Historis's MCP server exposes the client record itself. An agent can log an event against the right person, search the history, resolve who a loose message is about, read the rules your organization set, and write back. And because every AI write is deterministic and attributed, you see exactly what it did. Marked, logged, reversible. One MCP server checks off your tasks; the other gives your AI a memory of your business.

Do you need both?

Often, yes, because they answer different questions. "What do I need to do today?" is Todoist's question and it answers it well. "Who is this client and what have we done for them?" is Historis's, and no task manager answers it, because a task list is not a memory. A freelancer might keep a personal Todoist for admin and errands and reach for Historis the moment a task is about a client: the call to return, the quote to follow up, the repair to phone about. The dividing line runs between tasks and people, not between one productivity app and another.

Why it matters

A checked-off task is a small deletion. That is the right behavior for "buy milk" and the wrong one for "the conversation with a client you will talk to again." If your livelihood depends on remembering what people bought, what they asked and what you promised, the task is only half the record, and Todoist keeps the half that expires. Historis keeps the half that compounds: one timeline per client, and an AI that can read it and add to it. Save Todoist for your to-do list. Your clients belong in Historis.

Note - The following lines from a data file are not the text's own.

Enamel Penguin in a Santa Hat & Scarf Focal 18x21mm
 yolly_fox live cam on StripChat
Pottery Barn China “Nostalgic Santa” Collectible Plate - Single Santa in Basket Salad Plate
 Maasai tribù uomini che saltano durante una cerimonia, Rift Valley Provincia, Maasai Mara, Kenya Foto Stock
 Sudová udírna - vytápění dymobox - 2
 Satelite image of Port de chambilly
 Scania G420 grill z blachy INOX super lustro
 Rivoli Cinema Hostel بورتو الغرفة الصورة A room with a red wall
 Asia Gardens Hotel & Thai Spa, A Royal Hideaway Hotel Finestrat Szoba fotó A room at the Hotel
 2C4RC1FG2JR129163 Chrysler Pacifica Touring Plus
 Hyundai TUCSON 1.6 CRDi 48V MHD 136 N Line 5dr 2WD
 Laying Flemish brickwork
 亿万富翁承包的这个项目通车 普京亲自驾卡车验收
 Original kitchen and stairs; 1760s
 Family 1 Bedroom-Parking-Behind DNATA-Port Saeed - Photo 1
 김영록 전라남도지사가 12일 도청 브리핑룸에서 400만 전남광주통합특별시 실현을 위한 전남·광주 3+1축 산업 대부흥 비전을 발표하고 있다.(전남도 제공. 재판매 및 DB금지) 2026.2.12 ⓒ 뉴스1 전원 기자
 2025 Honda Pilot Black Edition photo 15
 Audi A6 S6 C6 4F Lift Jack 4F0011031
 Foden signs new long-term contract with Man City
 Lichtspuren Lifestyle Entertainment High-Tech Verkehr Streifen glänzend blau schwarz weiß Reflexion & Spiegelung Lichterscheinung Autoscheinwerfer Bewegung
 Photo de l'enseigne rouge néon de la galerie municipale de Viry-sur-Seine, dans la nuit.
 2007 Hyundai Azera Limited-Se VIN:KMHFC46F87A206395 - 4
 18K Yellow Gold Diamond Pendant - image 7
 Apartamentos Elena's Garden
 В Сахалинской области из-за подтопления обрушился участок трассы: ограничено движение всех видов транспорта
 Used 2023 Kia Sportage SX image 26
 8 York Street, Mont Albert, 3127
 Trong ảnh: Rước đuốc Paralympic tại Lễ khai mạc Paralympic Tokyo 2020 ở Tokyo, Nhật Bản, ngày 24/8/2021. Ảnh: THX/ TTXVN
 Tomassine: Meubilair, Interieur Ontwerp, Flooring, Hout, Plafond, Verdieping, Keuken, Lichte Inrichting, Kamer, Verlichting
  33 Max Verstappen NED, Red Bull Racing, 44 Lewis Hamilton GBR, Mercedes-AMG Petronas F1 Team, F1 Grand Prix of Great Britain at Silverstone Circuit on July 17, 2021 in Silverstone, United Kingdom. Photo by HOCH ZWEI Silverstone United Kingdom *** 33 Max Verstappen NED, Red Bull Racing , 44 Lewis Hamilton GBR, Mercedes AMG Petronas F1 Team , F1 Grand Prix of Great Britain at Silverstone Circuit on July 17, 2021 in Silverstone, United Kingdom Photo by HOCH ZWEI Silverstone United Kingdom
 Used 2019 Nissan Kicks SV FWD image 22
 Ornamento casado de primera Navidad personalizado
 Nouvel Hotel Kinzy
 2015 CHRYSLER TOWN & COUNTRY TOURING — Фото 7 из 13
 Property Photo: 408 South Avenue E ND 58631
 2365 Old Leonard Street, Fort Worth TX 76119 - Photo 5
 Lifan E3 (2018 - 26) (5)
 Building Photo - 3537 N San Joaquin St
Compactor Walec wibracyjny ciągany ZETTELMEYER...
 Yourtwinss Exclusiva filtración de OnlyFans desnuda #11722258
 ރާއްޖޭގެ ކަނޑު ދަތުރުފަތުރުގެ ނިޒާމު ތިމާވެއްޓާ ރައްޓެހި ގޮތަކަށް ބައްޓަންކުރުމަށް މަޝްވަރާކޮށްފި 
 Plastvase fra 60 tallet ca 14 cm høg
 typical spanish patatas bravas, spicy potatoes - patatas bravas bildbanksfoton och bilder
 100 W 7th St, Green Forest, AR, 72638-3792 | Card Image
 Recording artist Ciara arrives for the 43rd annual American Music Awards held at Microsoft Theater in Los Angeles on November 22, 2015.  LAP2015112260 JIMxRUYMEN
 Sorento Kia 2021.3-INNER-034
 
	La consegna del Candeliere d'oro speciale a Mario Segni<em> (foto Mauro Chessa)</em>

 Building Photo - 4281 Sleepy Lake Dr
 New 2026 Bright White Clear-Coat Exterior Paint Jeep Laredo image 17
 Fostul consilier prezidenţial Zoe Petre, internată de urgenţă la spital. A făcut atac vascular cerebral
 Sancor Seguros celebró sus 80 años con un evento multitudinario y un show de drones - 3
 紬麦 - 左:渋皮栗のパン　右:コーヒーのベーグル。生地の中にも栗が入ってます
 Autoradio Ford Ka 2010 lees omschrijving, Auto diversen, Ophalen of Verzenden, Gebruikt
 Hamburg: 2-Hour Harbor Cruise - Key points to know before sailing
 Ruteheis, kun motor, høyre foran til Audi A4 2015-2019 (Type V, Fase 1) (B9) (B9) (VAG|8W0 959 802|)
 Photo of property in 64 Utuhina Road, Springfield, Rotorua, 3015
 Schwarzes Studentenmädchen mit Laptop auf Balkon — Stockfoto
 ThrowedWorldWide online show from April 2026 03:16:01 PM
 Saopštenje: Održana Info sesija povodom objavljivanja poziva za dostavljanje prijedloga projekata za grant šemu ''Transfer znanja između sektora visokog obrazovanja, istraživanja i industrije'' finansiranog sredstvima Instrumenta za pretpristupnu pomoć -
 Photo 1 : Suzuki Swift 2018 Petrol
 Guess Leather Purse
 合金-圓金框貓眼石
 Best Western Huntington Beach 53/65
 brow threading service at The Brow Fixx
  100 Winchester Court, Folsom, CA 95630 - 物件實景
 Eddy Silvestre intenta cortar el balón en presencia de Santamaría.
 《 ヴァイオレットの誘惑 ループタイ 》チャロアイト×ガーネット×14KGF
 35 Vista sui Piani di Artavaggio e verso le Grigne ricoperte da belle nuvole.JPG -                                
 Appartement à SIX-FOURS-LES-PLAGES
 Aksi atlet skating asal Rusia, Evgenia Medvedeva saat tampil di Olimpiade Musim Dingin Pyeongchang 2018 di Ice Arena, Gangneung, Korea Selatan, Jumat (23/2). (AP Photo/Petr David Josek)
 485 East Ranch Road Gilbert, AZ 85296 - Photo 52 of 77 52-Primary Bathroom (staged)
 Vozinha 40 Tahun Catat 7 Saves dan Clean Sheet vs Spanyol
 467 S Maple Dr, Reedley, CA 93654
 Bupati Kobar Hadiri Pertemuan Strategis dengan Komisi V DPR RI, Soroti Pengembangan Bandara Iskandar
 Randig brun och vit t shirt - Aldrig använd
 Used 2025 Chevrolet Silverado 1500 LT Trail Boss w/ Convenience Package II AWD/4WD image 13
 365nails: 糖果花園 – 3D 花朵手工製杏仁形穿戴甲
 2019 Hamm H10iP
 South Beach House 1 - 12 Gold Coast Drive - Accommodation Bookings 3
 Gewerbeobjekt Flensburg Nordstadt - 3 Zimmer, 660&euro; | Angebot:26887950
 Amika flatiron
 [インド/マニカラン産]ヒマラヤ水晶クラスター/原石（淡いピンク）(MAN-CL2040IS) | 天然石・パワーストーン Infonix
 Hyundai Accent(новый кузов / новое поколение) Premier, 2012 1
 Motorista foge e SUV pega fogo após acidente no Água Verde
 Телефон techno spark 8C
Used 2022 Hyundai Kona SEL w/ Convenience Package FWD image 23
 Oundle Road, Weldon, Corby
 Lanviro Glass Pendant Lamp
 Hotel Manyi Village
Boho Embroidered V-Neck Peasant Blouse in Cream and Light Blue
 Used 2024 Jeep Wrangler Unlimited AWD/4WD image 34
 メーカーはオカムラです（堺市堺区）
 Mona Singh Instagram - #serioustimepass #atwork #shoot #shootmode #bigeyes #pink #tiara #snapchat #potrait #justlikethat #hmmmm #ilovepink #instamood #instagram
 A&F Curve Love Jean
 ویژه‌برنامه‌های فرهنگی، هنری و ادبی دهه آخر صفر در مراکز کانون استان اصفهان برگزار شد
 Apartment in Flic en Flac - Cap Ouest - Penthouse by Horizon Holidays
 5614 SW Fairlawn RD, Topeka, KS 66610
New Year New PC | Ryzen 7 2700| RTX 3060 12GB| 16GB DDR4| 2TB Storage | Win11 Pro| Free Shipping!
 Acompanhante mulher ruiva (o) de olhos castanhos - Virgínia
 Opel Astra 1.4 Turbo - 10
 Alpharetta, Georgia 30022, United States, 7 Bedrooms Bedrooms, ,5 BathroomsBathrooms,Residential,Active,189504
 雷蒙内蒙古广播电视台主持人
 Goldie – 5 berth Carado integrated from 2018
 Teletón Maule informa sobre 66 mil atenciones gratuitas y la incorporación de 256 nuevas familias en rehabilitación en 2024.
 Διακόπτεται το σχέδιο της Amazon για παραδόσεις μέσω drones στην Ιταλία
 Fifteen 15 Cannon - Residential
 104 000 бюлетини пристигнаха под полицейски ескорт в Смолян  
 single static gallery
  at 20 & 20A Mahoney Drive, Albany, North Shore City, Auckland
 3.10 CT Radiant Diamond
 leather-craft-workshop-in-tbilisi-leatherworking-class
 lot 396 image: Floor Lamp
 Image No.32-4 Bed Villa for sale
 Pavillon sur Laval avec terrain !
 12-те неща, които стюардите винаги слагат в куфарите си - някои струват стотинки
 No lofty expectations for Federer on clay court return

Related: why events beat tasks for client work, and how to give your own AI a memory it can write to.

Frequently asked questions

Is Historis a replacement for Todoist?
Not for a personal to-do list. For groceries, chores and admin, Todoist is excellent and Historis is not trying to unseat it. Historis replaces the workaround people reach for when their tasks are about clients: the task whose real subject is a person, whose history needs to live somewhere after the task is done. If your work revolves around people you serve, Historis is the better home for it; if it is about your own errands, keep Todoist.
Does Todoist track contacts or client history?
No. Todoist has no contact or person entity: a client's name lives inside a task as plain text. You can type "call Marie about the guitar," but "Marie" is a string, not a record. There is no page that gathers everything you have done with Marie, and when the task is completed the note disappears with it. Historis makes the person the record and the task an event on their timeline, so the history stays.
Both have an MCP server, so what is the difference?
Todoist's MCP server lets an AI agent manage tasks: add one, list them, mark one done. Historis's MCP server exposes the client record itself: an agent can log an event against the right person, search the history, read your organization's rules, and write back. Every write an AI makes carries a mark and shows up in the log, so it can be undone. One ticks tasks off a list and the other remembers your business.
Can I use Todoist and Historis together?
Yes, and many people should, because they answer different questions. Todoist answers "what do I need to do today?"; Historis answers "who is this client and what have we done for them?" A common split is a personal Todoist for errands and admin, and Historis as soon as a task involves a client: returning a call, chasing a quote, phoning someone about their repair.